The detection method leverages this structure:
- Estimate 3D head pose from all 68 facial landmarks (whole face) using Levenberg-Marquardt optimization on the pose-from-landmarks problem.
- Estimate 3D head pose from only 17 central landmarks (red subset in Fig. 2).
- Compute cosine distance between the two estimated head orientation vectors.
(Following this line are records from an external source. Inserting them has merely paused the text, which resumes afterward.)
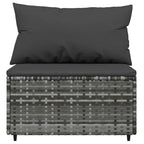 Set de muebles de jardín 4 pzas y cojines ratán sintético gris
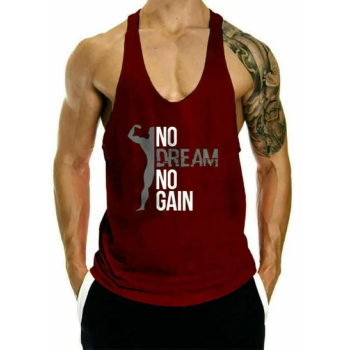 No Pain No Gain Printed Fitness Gym Motivation Vest Tank Top Sando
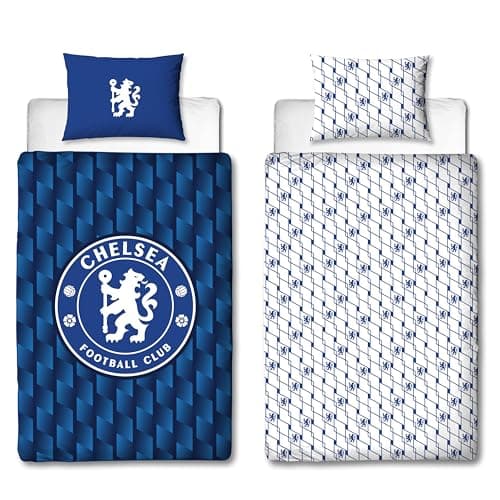 Image of CHARACTER WORLD Chelsea FC Official Single Duvet Cover Set, Geometric Design | Blue Reversible 2 Sided Football Bedding Cover Official Merchandise Including Matching Pillow Case | Polycotton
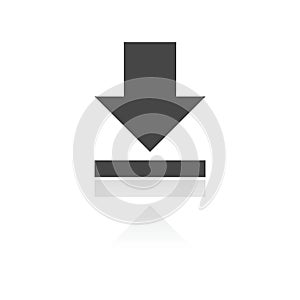Download icon, Upload button, Load symbol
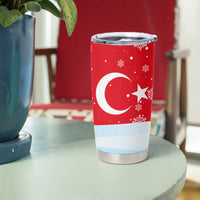 Turkey Christmas Tumbler Cup with Santa on Horse Red Snowflake Pattern and Crescent Star - Wonder Print Shop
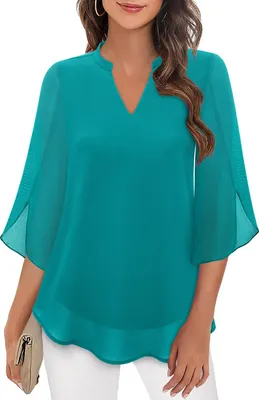Produktbild von ASKSA Damen T-Shirt V-Ausschnitt 3/4 aermel Sommer Bluse Elegant Einfarbig Laessig Arbeits Doppellagig Rueschenaermel Oberteile (Seeblau,L)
Real images show distance <0.02; deepfakes show distance 0.02–0.08.
- Features for SVM: differences in rotation matrices (Ra − Rc) and translation vectors (~ta − ~tc), standardized.
Results¶
AUROC (area under ROC curve): - UADFV dataset (video-level): 97.4% (combining rotation and translation; best) - UADFV dataset (frame-level): 89.0% - DARPA GAN Challenge (frame-level): 84.3%
Ablation study shows translation features matter: rotation-only achieves 85.3% on frames, but adding translation improves to 89.0%.
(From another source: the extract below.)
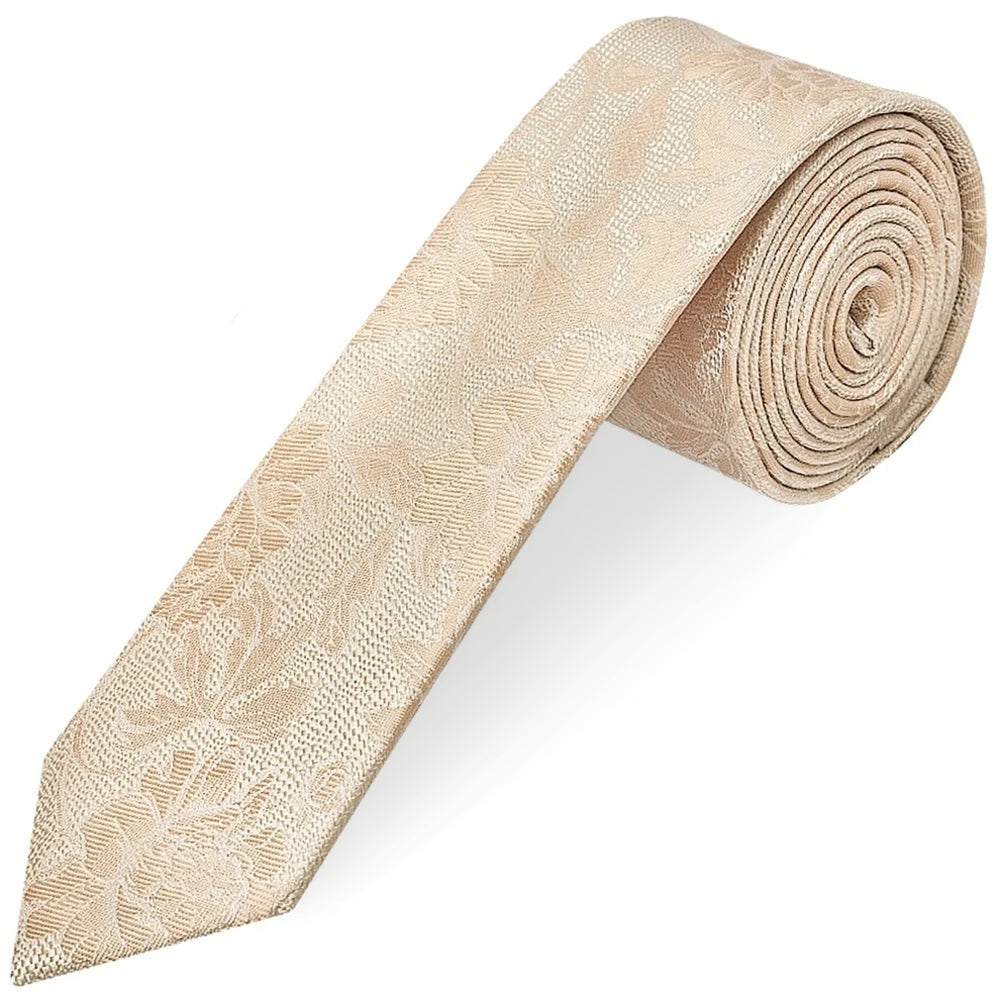 Gold Flower Skinny Men's Tie and Pocket Square Set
The method works across two distinct deepfake datasets with different synthesis methods, suggesting the inconsistency cue is fundamental to the generation process rather than dataset-specific.
Connections¶
- Rössler et al. (2019) extends deepfake detection benchmarks with multiple synthesis methods (Face2Face, FaceSwap, DeepFakes, NeuralTextures) and evaluates detection approaches including CNN-based and steganography-based methods.
- Related to media forensics and face manipulation detection broadly.
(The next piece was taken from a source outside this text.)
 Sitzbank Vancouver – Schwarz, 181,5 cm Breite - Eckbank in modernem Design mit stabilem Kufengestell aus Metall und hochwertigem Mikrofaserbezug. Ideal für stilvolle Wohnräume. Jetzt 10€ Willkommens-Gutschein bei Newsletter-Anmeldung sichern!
- Contrasts with Vaccari & Chadwick (2020) which examines social and epistemic impacts of deepfakes rather than technical detection.
- Part of emerging synthetic media detection literature; Rana et al. (2022) surveys detection approaches finding deep learning achieves 89.7% mean accuracy.
Notes¶
Strengths: - Addresses a real limitation in neural network face synthesis, not superficial artifacts. - Features are simple, interpretable, and don't require large models. - Works on both videos and still images. - Ablation study is thorough.
Limitations: - Performance drops on blurry synthesized faces (DARPA GAN, 84.3% AUROC), suggesting landmark detection errors propagate. - Doesn't address advanced post-processing that might alter the landmark structure. - Evaluated on relatively small datasets (49 video pairs for training, 14 pairs + 493 images for testing). - Assumes access to a robust facial landmark detector (DLib), which may fail on heavily manipulated or occluded faces.
Future directions: - Robustness to image compression, noise, and post-processing. - Combination with other forensic cues (color, blinking, eye reflections). - Adaptation to emerging synthesis methods (StyleGAN, NVIDIA's face synthesis).